DEV Community

Haji Rufai
Haji Rufai

Posted on • Originally published at hajirufai.github.io

I Built an AI Interview Coach with Gemma 4 — Zero Backend, 100% Free

What I Built

Interview Coach — an AI-powered interview practice tool that uses Google Gemma 4 to conduct realistic mock interviews, evaluate your answers in real-time, and generate detailed performance reports.

It runs entirely in the browser. No backend, no server, no accounts. Just Gemma 4's brain and your ambition.

Demo

Live Demo: hajirufai.github.io/gemma4-interview-coach (bring your own free API key from Google AI Studio)
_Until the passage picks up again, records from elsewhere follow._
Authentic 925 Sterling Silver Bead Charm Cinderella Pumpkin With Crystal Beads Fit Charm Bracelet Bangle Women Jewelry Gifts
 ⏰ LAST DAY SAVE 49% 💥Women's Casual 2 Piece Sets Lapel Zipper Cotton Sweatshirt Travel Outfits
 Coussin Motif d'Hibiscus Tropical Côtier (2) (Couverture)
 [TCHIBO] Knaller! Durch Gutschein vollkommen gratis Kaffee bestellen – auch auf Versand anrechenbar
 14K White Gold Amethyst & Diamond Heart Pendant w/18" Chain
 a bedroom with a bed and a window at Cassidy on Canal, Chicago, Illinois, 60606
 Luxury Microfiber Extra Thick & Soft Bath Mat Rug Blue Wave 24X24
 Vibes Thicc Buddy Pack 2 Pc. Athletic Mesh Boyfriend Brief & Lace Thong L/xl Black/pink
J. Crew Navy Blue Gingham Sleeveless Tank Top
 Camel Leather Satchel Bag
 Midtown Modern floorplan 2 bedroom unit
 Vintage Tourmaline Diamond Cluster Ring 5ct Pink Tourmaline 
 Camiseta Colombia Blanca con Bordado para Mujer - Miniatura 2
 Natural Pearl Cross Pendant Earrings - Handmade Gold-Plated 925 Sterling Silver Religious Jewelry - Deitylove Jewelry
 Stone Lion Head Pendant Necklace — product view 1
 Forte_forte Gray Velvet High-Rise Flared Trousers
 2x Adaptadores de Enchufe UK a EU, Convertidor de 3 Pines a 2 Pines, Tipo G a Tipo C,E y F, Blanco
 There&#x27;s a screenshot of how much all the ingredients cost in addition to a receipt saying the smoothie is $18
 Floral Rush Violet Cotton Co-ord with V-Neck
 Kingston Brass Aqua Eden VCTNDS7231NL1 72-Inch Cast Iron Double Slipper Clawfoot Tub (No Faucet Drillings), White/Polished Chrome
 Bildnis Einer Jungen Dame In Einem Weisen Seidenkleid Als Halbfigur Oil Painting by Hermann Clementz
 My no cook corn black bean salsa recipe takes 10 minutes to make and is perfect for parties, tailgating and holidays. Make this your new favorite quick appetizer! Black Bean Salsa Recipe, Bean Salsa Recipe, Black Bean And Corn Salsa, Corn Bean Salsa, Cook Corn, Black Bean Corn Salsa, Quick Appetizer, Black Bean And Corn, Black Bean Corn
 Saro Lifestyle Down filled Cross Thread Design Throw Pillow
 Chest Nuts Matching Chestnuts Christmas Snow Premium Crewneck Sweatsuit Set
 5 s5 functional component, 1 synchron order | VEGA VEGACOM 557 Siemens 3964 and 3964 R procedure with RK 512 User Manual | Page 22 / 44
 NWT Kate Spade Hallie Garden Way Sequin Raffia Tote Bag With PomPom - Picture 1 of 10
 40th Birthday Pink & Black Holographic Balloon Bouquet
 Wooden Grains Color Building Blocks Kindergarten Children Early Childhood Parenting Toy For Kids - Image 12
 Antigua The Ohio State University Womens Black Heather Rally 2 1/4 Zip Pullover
GitHub Repo: github.com/hajirufai/gemma4-interview-coach


The Problem

91% of candidates who fail online assessments never practiced under timed conditions. Interview prep tools exist, but they're either:

  • Expensive ($30-50/month for premium)
  • Generic (same questions for everyone)
  • Passive (read answers, not practice them)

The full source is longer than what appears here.